2. The Banking Crisis: Ordeal of a Nation, Test for a New President
Franklin D. Roosevelt took office just as the American banking system spun into chaos. Americans had already lost hundreds of millions of dollars in savings as banks across the country failed. Now many states had closed their banks against the stampede of depositors desperate to withdraw their cash.
FDR treated the situation like the emergency it was. Working around the clock with an eager Congress, during his first week in office the new president closed banks nationwide, pushed through a bill to inspect and reopen them in an orderly manner (with plenty of currency issued by the federal government), and went on the radio to explain his solution to the people and ask for their cooperation. “Together we cannot fail,” he said. It worked. People redeposited their money. Many Americans concluded, with enormous relief, that they had put a leader in the White House.

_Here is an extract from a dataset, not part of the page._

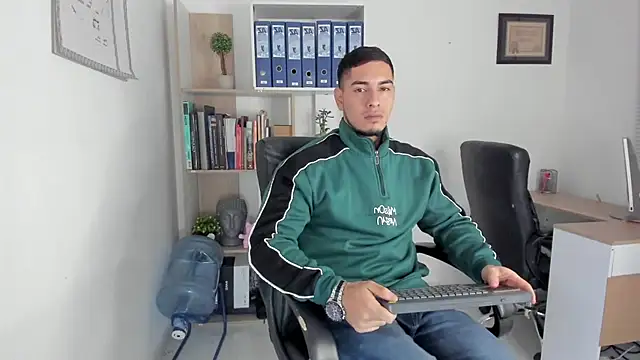Snapshot of Dimitri_Colleman chatting on 01-30-25, 09:04 Dimitri Colleman online show from 01-30-25, 09:04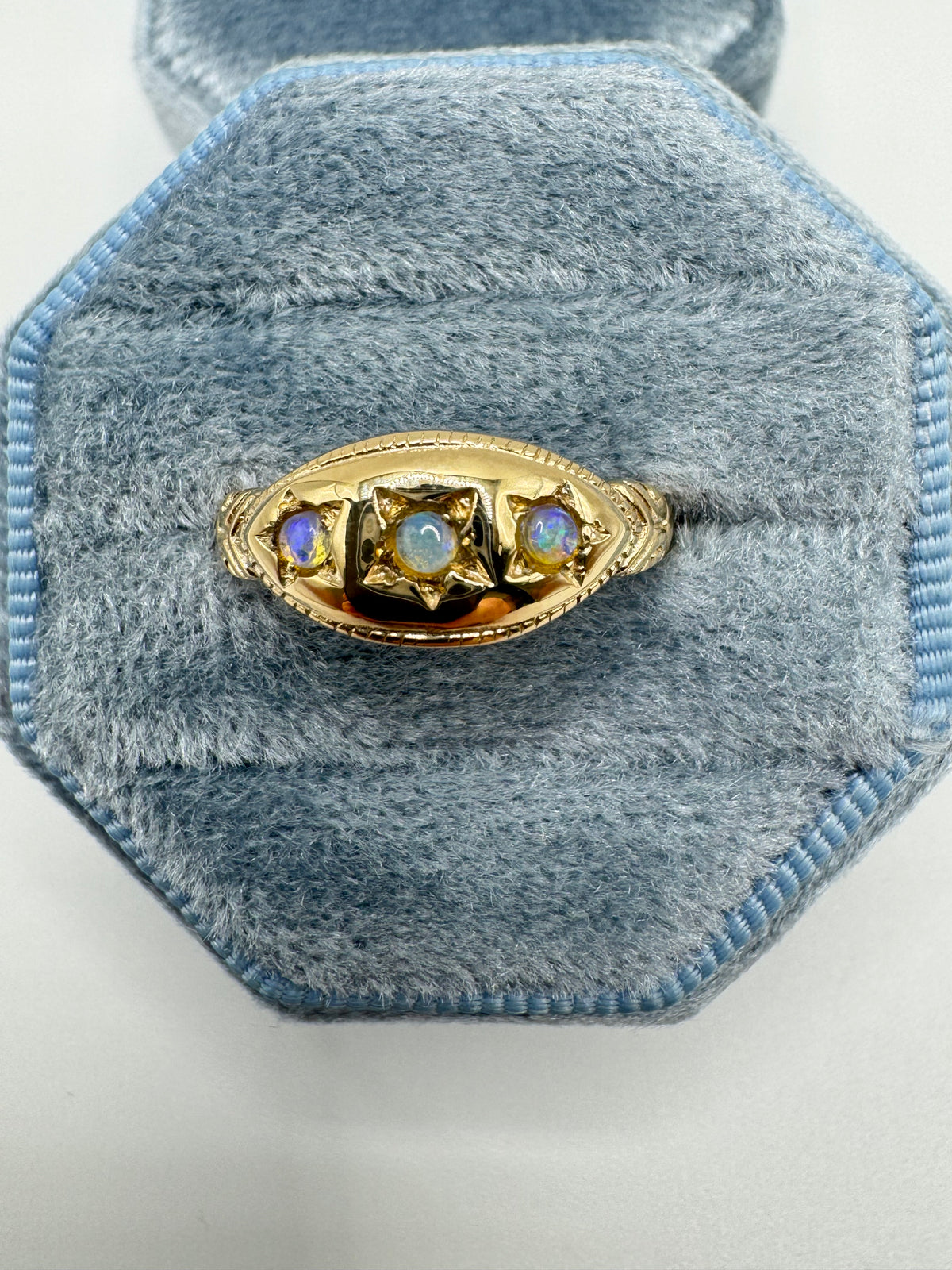 9ct gold opal gypsy ring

3. A New Deal for Farmers: Franklin D. Roosevelt and Rural America
When Franklin D. Roosevelt became president, America’s farmers were in dire straits, able to fetch a mere pittance for their products after years of falling prices and displaced in droves by property foreclosures and a withering Great Plains drought. FDR saw farming as essential to American culture. He also believed that the country’s economy could not recover so long as its farmers remained paralyzed as both producers and consumers.
The New Deal responded in ways that would lift farm incomes and influence rural life for generations. To address the oversupply of farm products that drove down prices, it established the first subsidies to farmers to limit their acreage in certain staple crops. Through the Farm Credit Administration, which exists today, it refinanced farm mortgages at lower rates and for longer terms. It provided loans to poor tenant farmers to purchase land. It also financed the construction of electrical distribution systems in the countryside and helped rural families install wiring and modern plumbing in their homes and farms.

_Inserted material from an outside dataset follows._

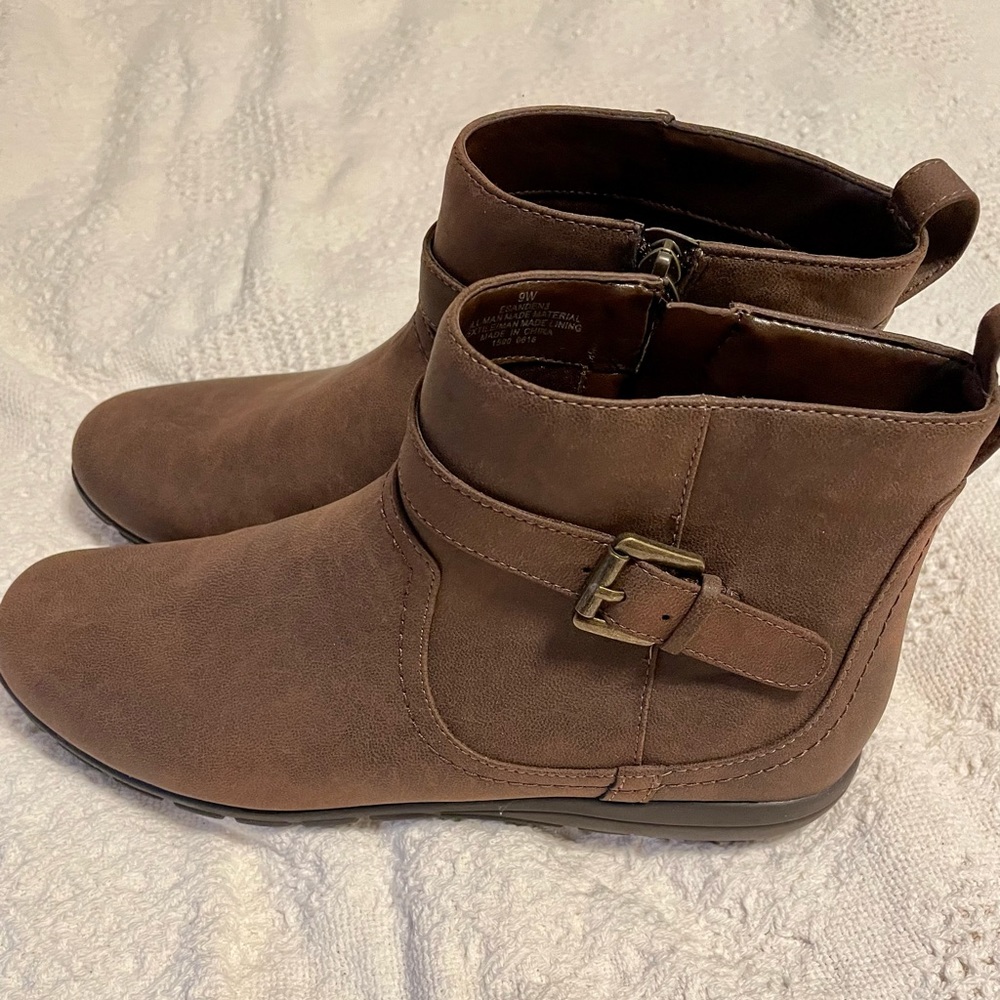 Brown Easy Spirit boots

4. Lights Across the Countryside:The Tennessee Valley Authority
Electricity was the great technological boon of the early twentieth century, driving economic development, saving labor at home and work, and improving public health through such advances as refrigeration. But by the time Franklin D. Roosevelt became president in 1933, electrification was a story of haves and have-nots. The sprawling private utility companies that controlled the nation’s power supply didn’t see much profit potential in extending service to poor farmers. In the Tennessee Valley of the upper South, for example, fewer than one in ten homes had electricity.
FDR tackled this problem by insisting that the electricity-generating capacity of America’s great rivers belonged to its people and should be used to generate affordable public power. The New Deal’s Tennessee Valley Authority, with its series of hydroelectric dams, would serve as the model; by the time of FDR’s death in 1945, it had brought light, literally, to three-quarters of the Tennessee Valley.
5. Franklin D. Roosevelt, Conservationist: An Early Initiative in Sustainability
Franklin D. Roosevelt was a “green” president long before America adopted the term or embraced the sensibility. He saw the country’s wild landscapes and abundant natural resources as the wellspring of American prosperity and was determined to safeguard this legacy for future generations.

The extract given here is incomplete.